The problem is, even without a specific policy, it's likely that employees are using their own devices simply to keep up with their workloads. Sally Reeves, healthcare project director at Frisbie Memorial Hospital in Rochester, N.H., told SearchHealthIT in 2013: "Things happen too quickly now in hospitals, and information needs to be distributed at such a fast pace in order to coordinate the next thing that's needed. If you don't provide a communications system, they will find one, and they're going to use it, regardless."

This, of course, created issues with privacy and security. A doctor with his own smartphone might be discussing patient information with a colleague one moment — a clear HIPAA red flag — and checking his Facebook page or discussing dinner plans with his partner the next. In extreme cases, a doctor might even snap a quick photo of a curious rash or wound to share with a colleague or specialist, then have that photo saved in a queue alongside family photos.

Rather than ignore the problem, hospitals need to confront it – and its complications – head on. Effective BYOD policies start with a survey of employees to understand what types of personally owned devices are being used and for which work-related tasks. The survey should identify the variety of device types (smartphones, tablets, laptops) and the ways in which employees use them outside the hospital walls (in coffee shops, on public transportation or at home).

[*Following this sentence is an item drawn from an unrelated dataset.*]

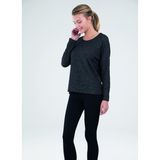 Blackspade Kadın Tişört 50101 Antramelanj L Beden %68 Polyester %28 Viskoz %4 Elastan Rahat Kullanım - Antrasit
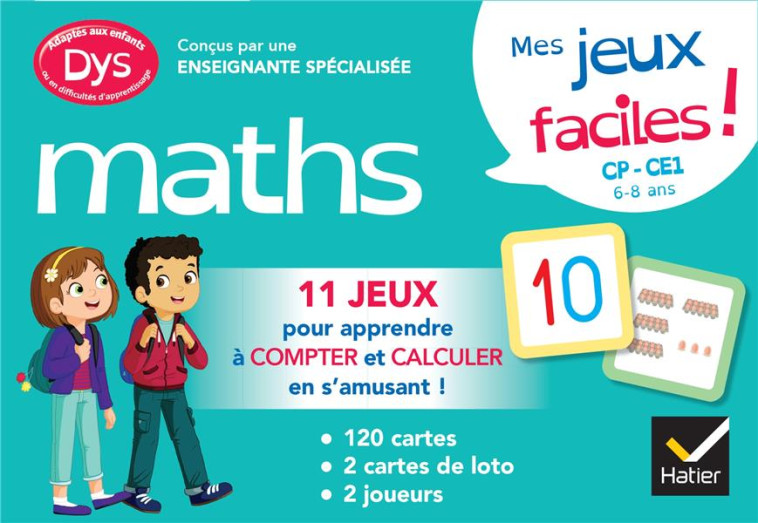 MES JEUX DE MATHS FACILE ! DYS (CP-CE1) - BARGE/TESSIER - HATIER SCOLAIRE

Acceptable use policies specify for what clinical purposes devices can be used and by whom; which devices can be used where; which apps are okay (and which are not); and how employees' devices must be configured before they can access the hospital's network.Information security requirements have to remain consistent, regardless of who owns the phone or device. When employees use work-provided devices, they understand that everything on the phone belongs to their employer and don't expect their private information to remain private.

Not so with personal devices. Employees want to be able to privately share texts and photos (without their employers' scrutiny) while at the same time, securely sharing PHI with colleagues. The solution may lie in mobile device management software that "containerizes" work information from personal information. Because laptops and phones are frequently misplaced, hospitals must provide additional password access security, such as requiring biometric security for personal devices. The same mobile device management software that containerizes information can also remotely wipe devices when an employee loses the device, quits or is terminated.

While text messaging is widely used by caregivers to share information, federal and regulatory bodies are increasingly uncomfortable with it. At the end of 2016, the Joint Commission and the Centers for Medicare and Medicaid Services told healthcare organizations that the use of secure text orders was not permitted or HIPAA-compliant.

BYOD policies don't do any good if they are stuck in a drawer – or the modern-day equivalent: five layers deep in an online employee benefits portal and written in 8-point font. How a hospital plans to use BYOD is part of a larger data, workflow, and communications strategy, and should be communicated to employees during onboarding, in monthly meetings, and continuously through simple, specific, "do this, don't do that" instructions.